DM: So Mike, give us the low-down on The Weather Channel if you would, please.
MZ: We launched in 1995 on the web as Weather.com. I think we secured the URL maybe even earlier than that so always wanted to be ahead of the curve so no surprise. On mobile, we started out in the US in 1999 with sites and then paid apps, Java and Brew, and video content, sold through carrier storefronts.
Lewis Gump, who is now at CNN, drove the mobile business, but I think it’s fair to say that from a company standpoint, we wanted to drive into emerging platforms to be everywhere for our users. I think the tipping point on mobile came with the launch of the iPhone, apps and the App Store, though in fact we launched on Android a couple of months before the iPhone. But on the iPhone, we were in the top 20 apps overall within two months, and since we launched our first app, we have had over 75m downloads globally across the iPhone, Android, iPad, Symbian, BlackBerry, Windows Phone and Palm.
DM: That’s a lot of platforms, are any of them falling off your radar as yet?
MZ: Nothing’s falling off the radar yet, because all of these platforms have different levels of reach in in different parts of the world.
DM: And what sort of user numbers are we looking at?
MZ: We reach more than one in every two consumers in the US through TV, the web and mobile - 175m people every month. We have been built off an obsession with the weather, being where everyone is, and being relevant. Weather affects everyone in the world, just in a different way. So our audience is massively varied, from the soccer mom to the business traveller to the storm-chaser. We pride ourselves on the accuracy of the information we provide. In the UK, for example, our forecasts are more local than the Met Office. Our technology is called TruPoint, and it delivers a grid of weather conditions for every 5 sq. km in the UK. So we have more reference points. We take a number of sources, and layer a grid on top of it, covering factors such as wind speed, terrain, elevation on a 15-minute cycle.
DM: And in terms of how people access this information on mobile, is there any skew either towards the mobile web or apps?
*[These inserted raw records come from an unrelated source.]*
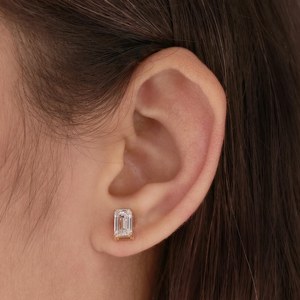 Moissanite 925 Sterling Silver 14K Gold Plated <b>Stud</b> Earrings Minimal Luxury Elegant Silver Jewelry Gift For Her - Product Image 3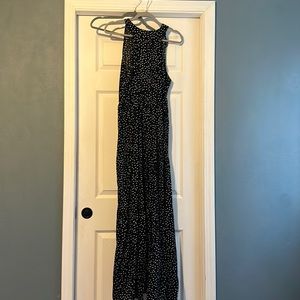 Self tie polka dot maxi halter dress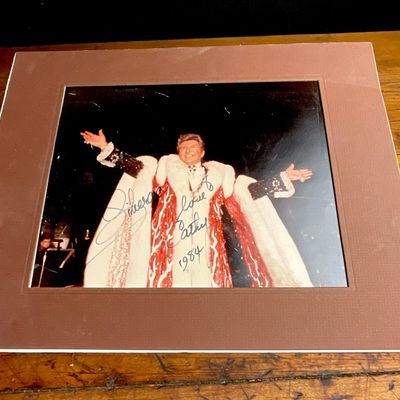 Liberace Autographed Stage Portrait Dated 1984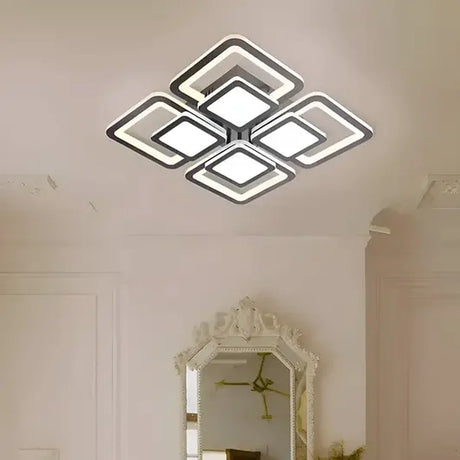 Lustra Led Cu Telecomanda Susan, 4 Patrate, Lumina Rece/Calda/Neutra, Dimabila - vivimall.ro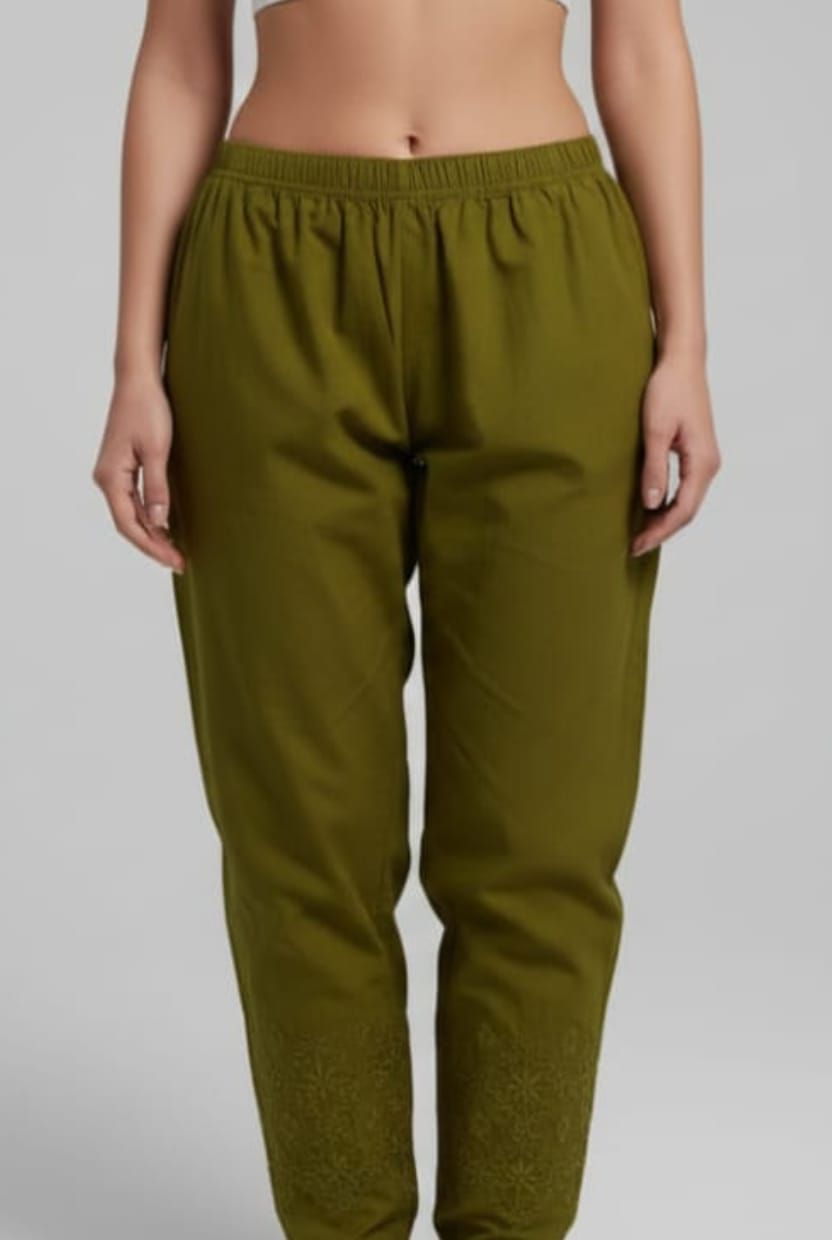 Cotton Embroidered Trousers
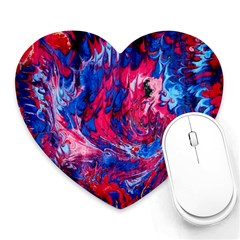 Painted Feathers Heart Mousepads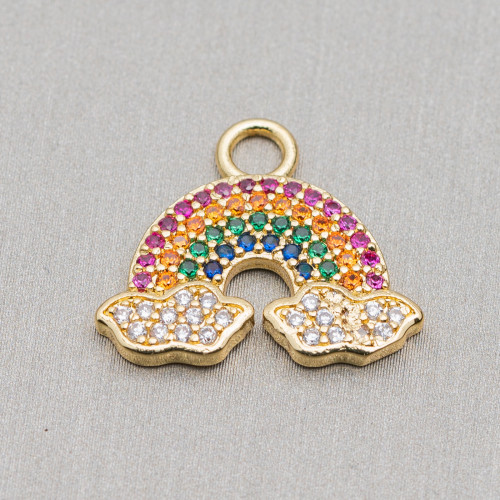 Bronze Pendant Component With Multicolor Zircons Pavé Rainbow With Clouds 17x19mm 10pcs Golden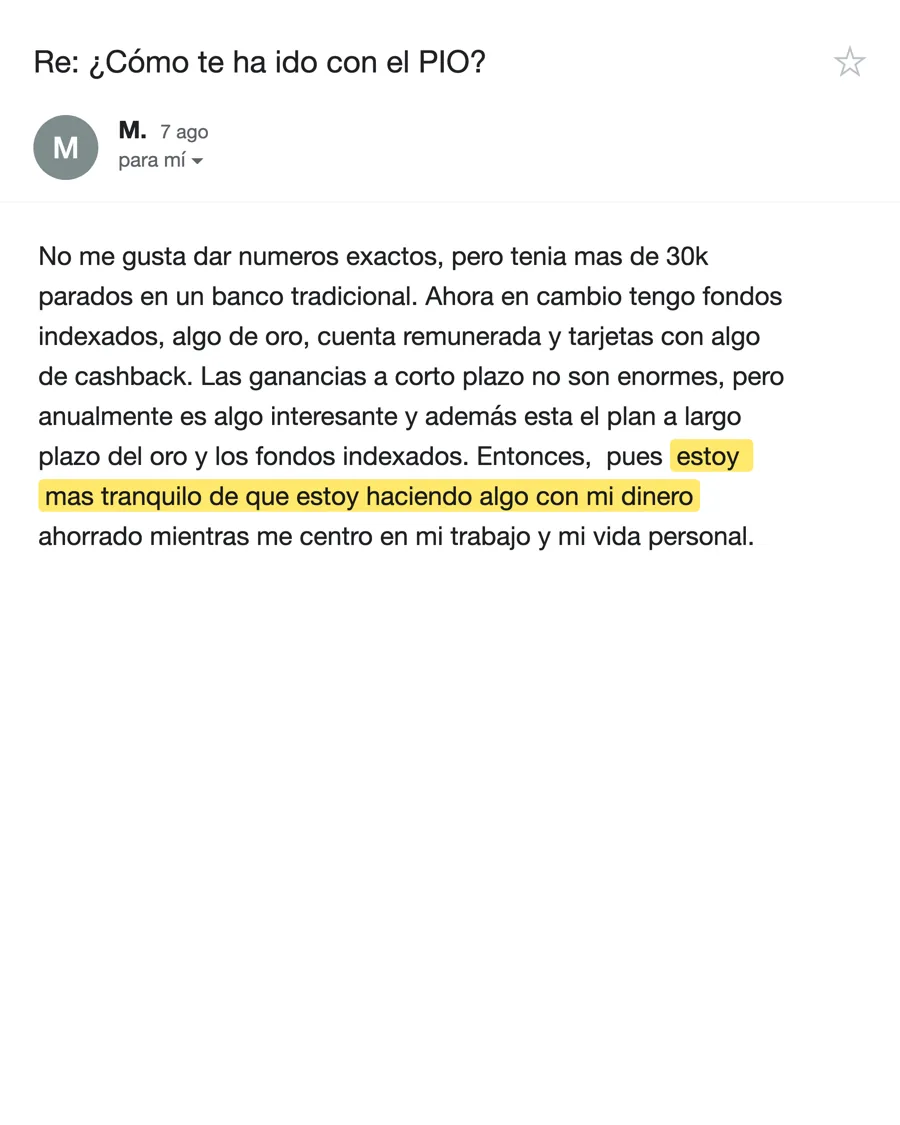 Email de M., alumno del PIO, agosto 2026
MZ: There is a very heavy skew towards apps, 80/20, perhaps even higher. We have a very nice, state-of-the-art mobile site, but on mobile handsets, our users prefer apps. There’s a lot more mobile web activity on Tablets, however, because it’s a better experience.
DM: And what do you deliver on the Tablet, is it the full website, a mobile version or something in between?
MZ: It’s the full site.
DM: And what about your revenue streams?
MZ: It’s almost all advertising, though we do have some paid apps, but we may take another look at it, given the popularity of the freemium model now.
DM: And how is the advertising sold? Do you use an ad network?
MZ: No, we don’t use the networks, we handle it ourselves. Our sales team is led by Mike Nicholson, who was head of mobile at the Telegraph, and they try to leverage people’s engagement with the weather in their daily lives to produce richer communications.
DM: So specifically, things like hay fever tablets when the pollen count is high, winter clothes when the weather turns cold, that sort of thing?
MZ: Yes, exactly.
DM: And who are your advertisers?
MZ: We have a lot of big name advertisers - McDonalds, Honda, Kleenex, and lots of big retailers. And we can target by any type of weather condition - wind, rain, humidity, UV etc. We have one high street chemist who targets ads for sun block when the UV goes above a certain level. Then you have cafes, when it’s hot, serving an ad for a cold drink, and when it’s cold, for a hot drink. We would like to take this further and elevate the pitch to the point where we don’t just provide weather data, but we are an everyday tool for a content category that affects every part of your life.
DM: And what about emerging markets? You talk about weather being relevant to everyone’s lives, what about the farmer in India who may depend on accurate weather information for his livelihood?
MZ: Yes, we are interested in emerging markets, and we are working to localise that content to become relevant to those users. We are probably looking at different ads and advertisers, multinationals who are looking to invest in India for example. You might also be looking at other monetisation options, perhaps the content would be so valuable to the user that he would be prepared to pay for it.
DM: And how do you plan to grow the business moving forward?
MZ: A major part of our strategy is to work with big partners, so we are building relationships with platform providers and OEMs and grow out primarily through them. We have a number of preloads, such as the Apple Weather widget via Yahoo, and we also power widgets on some of the Google reference devices. And we have preloads with multiple OEMs in the States and we are looking to grow that out internationally.